田舎から出て来たリサはアクセサリーデザイナーを目指していたが、今はやっていない。「やりたいことがやれるっていいね」3日目の朝、アリエルはリサの故郷へ連れて行って欲しいと頼む。
●アジコのおすすめポイント:
タイでの観光促進のために作られたオール熊本ロケによるご当地映画。地方発の作品が国際共同製作で作られたのは初の試みだそうです。監督を任されたのは、デビュー作がアピチャッポン・ウィーラセタクン監督に高く評価されている新鋭の稲葉雄介。

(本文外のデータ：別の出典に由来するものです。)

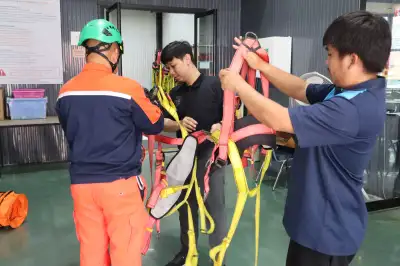 การฝึกปฏิบัติผู้ควบคุมงานอับอากาศ - หลักสูตรอับอากาศ ที่ Safety Station โรงเรียนความปลอดภัย
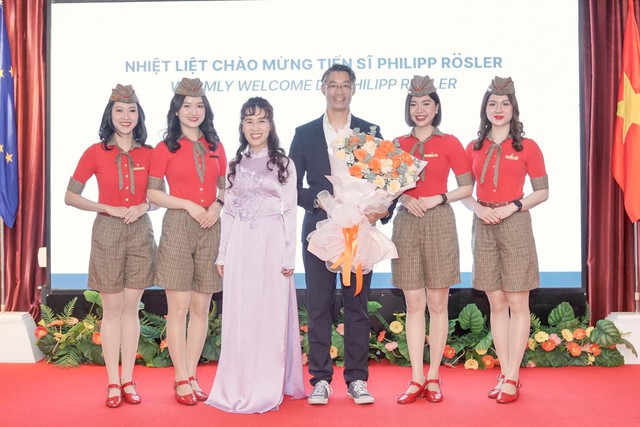 Tiến sĩ Philipp Rösler – Nguyên Phó Thủ tướng Đức gia nhập Vietjet- Ảnh 3. Tiến sĩ Philipp Rösler – Nguyên Phó Thủ tướng Đức gia nhập Vietjet- Ảnh 3.
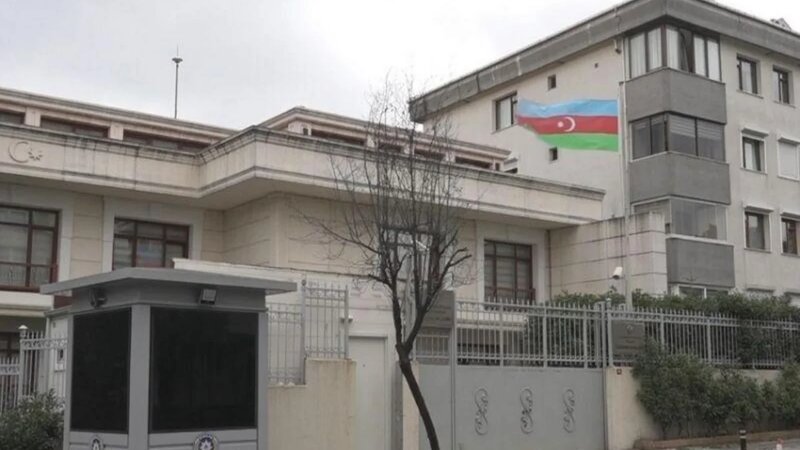 Azərbaycanın Türkiyədəki səfirliyi Cümhuriyyətin 103-cü ildönümü ilə bağlı paylaşım etdi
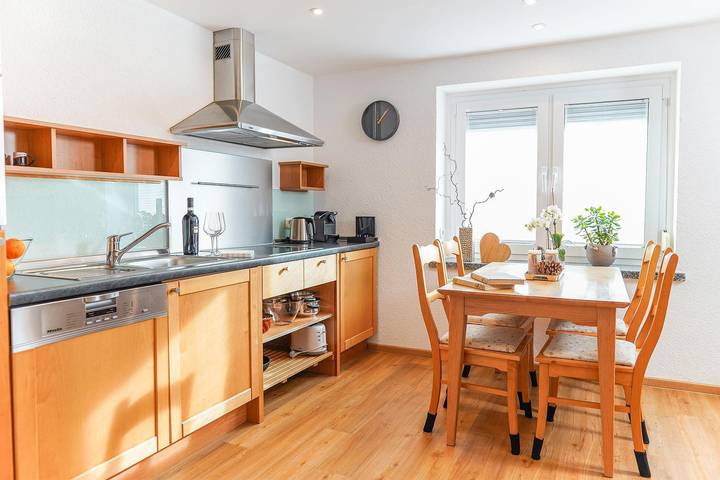 Ferienwohnung für 3 Personen, mit Terrasse und Garten - 1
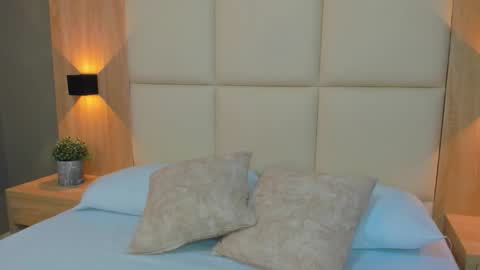 A N T O N E L L A  online show from November 29, 2025, 12:19 pm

撮影監督には2013年のタイで注目された新感覚映画『マリー・イズ・ハッピー』のパイラット・クムワンを招き、タイ人から見た熊本の風景をハンドカメラで切り取っています。主人公を演じるのは、『ミウの歌/Love of Siam』にバンドメンバーとして出演して注目されたチャーノン・リクンスラガーン。ガイド役を怒ったような表情がチャーミングな伊澤恵美子が演じ、いつも笑顔のアリエル王子と好対照をかもしています。熊本の名所や名物は押さえつつも、方言をあえて外すなどローカル色は薄められており、主人公ふたりの心情に寄り添った映像に。印象的な音楽も効果的で、不思議な作品に仕上がっています。